**WHAT TO PRODUCE**
Word for word, copy out the entries below, but not the pictures in them.

◇ ◇ ◇ ◇ ◇

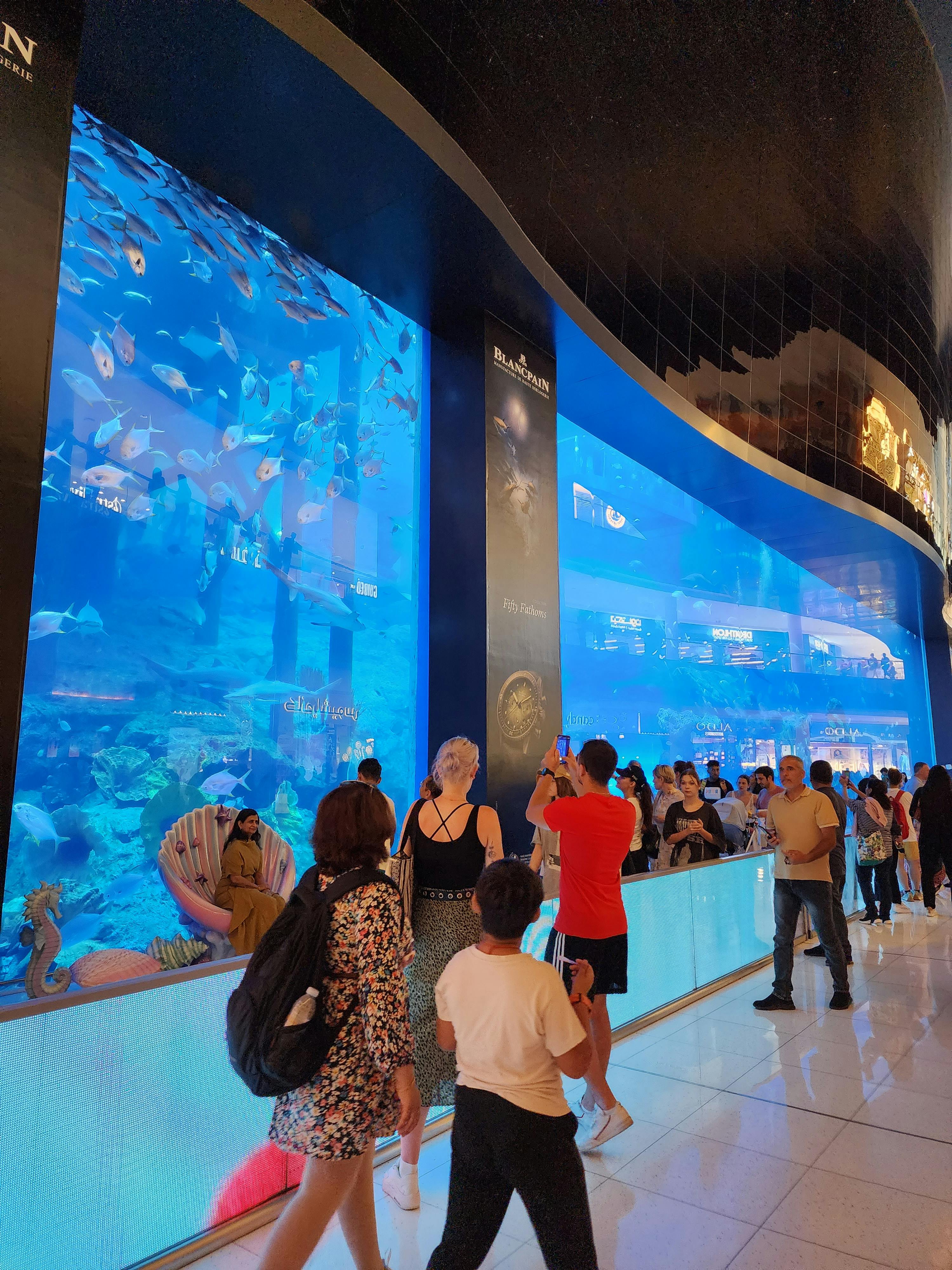 Dubai Aquarium & Underwater Zoo - Book Online | Tiqets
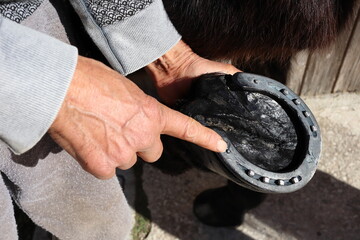 white hand points to the horseshoe just mounted on the hoof, close up shot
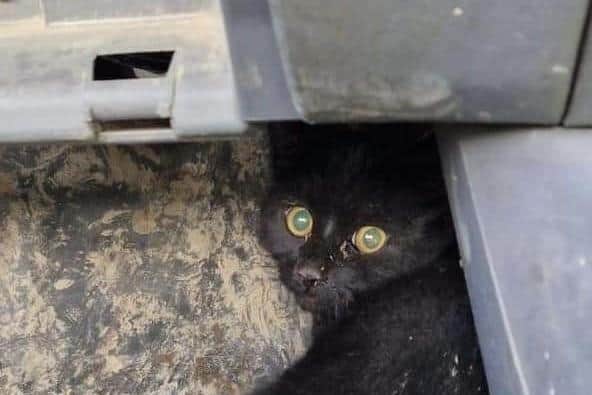 Stig the cat somehow survived the bin lorry's giant crushers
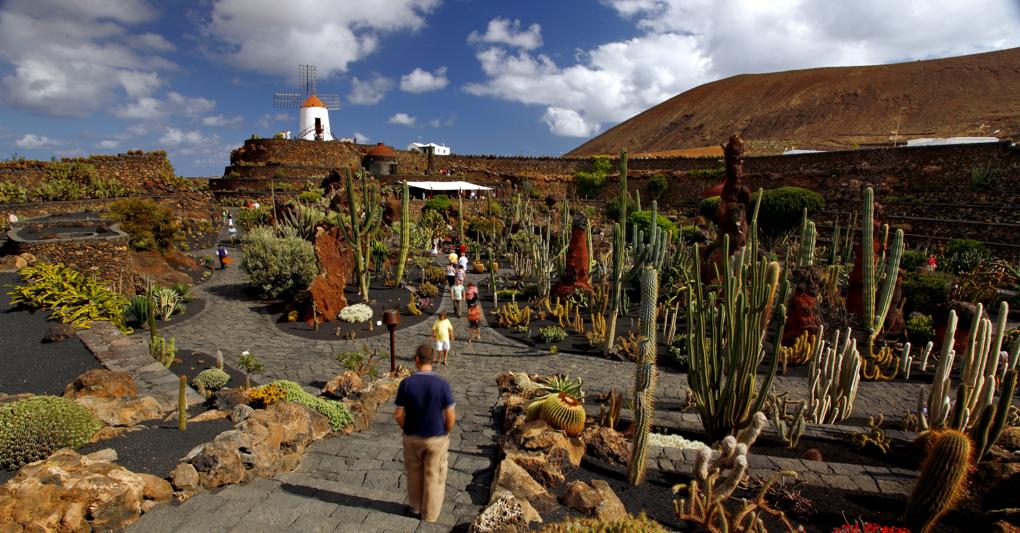 Lanzarote, Guatiza Jardín de Cactus © Ente Spagnolo del Turismo 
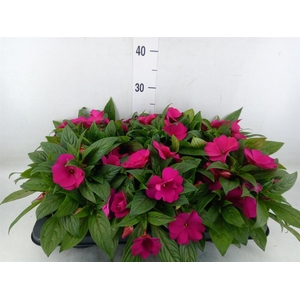 Impatiens NG 'Tamarinda Purple'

◇ ◇ ◇ ◇ ◇

**EXPECTED OUTPUT**
 Dubai Aquarium & Underwater Zoo - Book Online | Tiqets
 white hand points to the horseshoe just mounted on the hoof, close up shot
 Stig the cat somehow survived the bin lorry's giant crushers
 Lanzarote, Guatiza Jardín de Cactus © Ente Spagnolo del Turismo 
 Impatiens NG 'Tamarinda Purple'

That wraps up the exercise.